▶ TASK OBJECTIVE
When you reach the line containing "Cân nhắc phẫu" in the entries below, start writing out each line exactly, and stop after the line containing "1-Rạch da theo".

▶ PROVIDED RECORDS
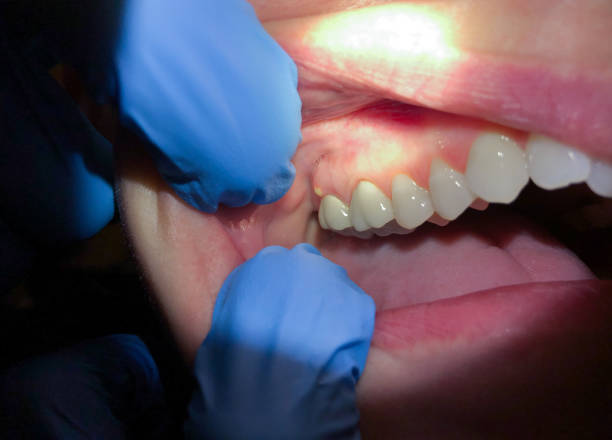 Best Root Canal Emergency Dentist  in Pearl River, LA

---

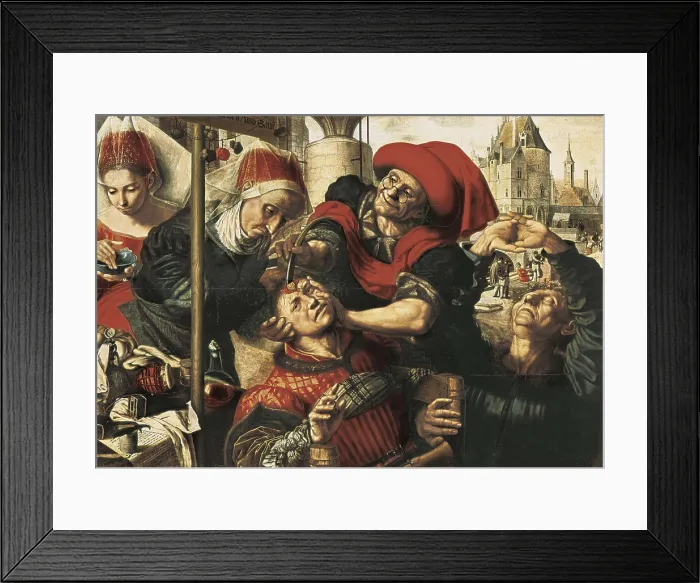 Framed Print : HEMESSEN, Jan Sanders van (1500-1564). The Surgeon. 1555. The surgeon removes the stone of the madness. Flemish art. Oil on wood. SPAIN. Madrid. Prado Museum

---

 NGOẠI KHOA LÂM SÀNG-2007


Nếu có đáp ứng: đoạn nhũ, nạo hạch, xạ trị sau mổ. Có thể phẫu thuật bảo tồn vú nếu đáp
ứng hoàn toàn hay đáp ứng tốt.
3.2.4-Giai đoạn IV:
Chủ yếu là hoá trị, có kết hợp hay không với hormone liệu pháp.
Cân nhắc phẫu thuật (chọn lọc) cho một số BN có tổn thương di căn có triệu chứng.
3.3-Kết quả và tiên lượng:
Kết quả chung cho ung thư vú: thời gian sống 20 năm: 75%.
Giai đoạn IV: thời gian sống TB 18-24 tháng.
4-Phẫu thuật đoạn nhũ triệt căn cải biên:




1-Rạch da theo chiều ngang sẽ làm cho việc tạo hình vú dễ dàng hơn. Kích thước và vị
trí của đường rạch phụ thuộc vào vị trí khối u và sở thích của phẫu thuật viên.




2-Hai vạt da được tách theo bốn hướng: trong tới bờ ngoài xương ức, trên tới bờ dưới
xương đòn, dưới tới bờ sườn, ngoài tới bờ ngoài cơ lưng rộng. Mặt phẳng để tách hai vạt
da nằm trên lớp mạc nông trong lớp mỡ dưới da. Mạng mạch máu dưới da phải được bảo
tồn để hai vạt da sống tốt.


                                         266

▶ TASK ANSWER
Cân nhắc phẫu thuật (chọn lọc) cho một số BN có tổn thương di căn có triệu chứng.
3.3-Kết quả và tiên lượng:
Kết quả chung cho ung thư vú: thời gian sống 20 năm: 75%.
Giai đoạn IV: thời gian sống TB 18-24 tháng.
4-Phẫu thuật đoạn nhũ triệt căn cải biên:




1-Rạch da theo chiều ngang sẽ làm cho việc tạo hình vú dễ dàng hơn. Kích thước và vị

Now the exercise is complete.